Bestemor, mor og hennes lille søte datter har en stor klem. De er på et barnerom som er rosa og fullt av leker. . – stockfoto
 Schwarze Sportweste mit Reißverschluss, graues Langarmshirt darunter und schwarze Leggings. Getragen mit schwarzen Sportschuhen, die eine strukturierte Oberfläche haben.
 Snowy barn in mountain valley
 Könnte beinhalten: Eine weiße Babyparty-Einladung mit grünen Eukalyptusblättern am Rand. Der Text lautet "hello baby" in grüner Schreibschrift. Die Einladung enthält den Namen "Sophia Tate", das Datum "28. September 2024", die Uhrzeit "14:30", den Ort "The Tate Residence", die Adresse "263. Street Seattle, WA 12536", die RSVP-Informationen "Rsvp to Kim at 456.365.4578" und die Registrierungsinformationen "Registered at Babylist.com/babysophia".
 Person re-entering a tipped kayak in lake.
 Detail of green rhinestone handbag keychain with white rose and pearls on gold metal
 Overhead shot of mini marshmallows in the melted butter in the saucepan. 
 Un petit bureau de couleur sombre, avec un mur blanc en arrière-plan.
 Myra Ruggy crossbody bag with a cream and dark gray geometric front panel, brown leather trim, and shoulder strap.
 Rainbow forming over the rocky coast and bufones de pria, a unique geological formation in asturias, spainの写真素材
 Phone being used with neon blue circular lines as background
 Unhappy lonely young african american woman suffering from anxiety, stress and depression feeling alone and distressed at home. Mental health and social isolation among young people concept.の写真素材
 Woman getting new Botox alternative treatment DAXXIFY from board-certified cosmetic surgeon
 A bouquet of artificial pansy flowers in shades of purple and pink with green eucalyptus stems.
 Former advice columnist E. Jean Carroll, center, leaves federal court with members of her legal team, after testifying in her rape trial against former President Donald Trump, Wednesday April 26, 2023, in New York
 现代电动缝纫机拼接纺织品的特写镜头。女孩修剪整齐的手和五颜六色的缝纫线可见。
=-=-=
# Assignment
Copy task. Give back the whole listing exactly as written.

# Result for this exercise
Bestemor, mor og hennes lille søte datter har en stor klem. De er på et barnerom som er rosa og fullt av leker. . – stockfoto
 Schwarze Sportweste mit Reißverschluss, graues Langarmshirt darunter und schwarze Leggings. Getragen mit schwarzen Sportschuhen, die eine strukturierte Oberfläche haben.
 Snowy barn in mountain valley
 Könnte beinhalten: Eine weiße Babyparty-Einladung mit grünen Eukalyptusblättern am Rand. Der Text lautet "hello baby" in grüner Schreibschrift. Die Einladung enthält den Namen "Sophia Tate", das Datum "28. September 2024", die Uhrzeit "14:30", den Ort "The Tate Residence", die Adresse "263. Street Seattle, WA 12536", die RSVP-Informationen "Rsvp to Kim at 456.365.4578" und die Registrierungsinformationen "Registered at Babylist.com/babysophia".
 Person re-entering a tipped kayak in lake.
 Detail of green rhinestone handbag keychain with white rose and pearls on gold metal
 Overhead shot of mini marshmallows in the melted butter in the saucepan. 
 Un petit bureau de couleur sombre, avec un mur blanc en arrière-plan.
 Myra Ruggy crossbody bag with a cream and dark gray geometric front panel, brown leather trim, and shoulder strap.
 Rainbow forming over the rocky coast and bufones de pria, a unique geological formation in asturias, spainの写真素材
 Phone being used with neon blue circular lines as background
 Unhappy lonely young african american woman suffering from anxiety, stress and depression feeling alone and distressed at home. Mental health and social isolation among young people concept.の写真素材
 Woman getting new Botox alternative treatment DAXXIFY from board-certified cosmetic surgeon
 A bouquet of artificial pansy flowers in shades of purple and pink with green eucalyptus stems.
 Former advice columnist E. Jean Carroll, center, leaves federal court with members of her legal team, after testifying in her rape trial against former President Donald Trump, Wednesday April 26, 2023, in New York
 现代电动缝纫机拼接纺织品的特写镜头。女孩修剪整齐的手和五颜六色的缝纫线可见。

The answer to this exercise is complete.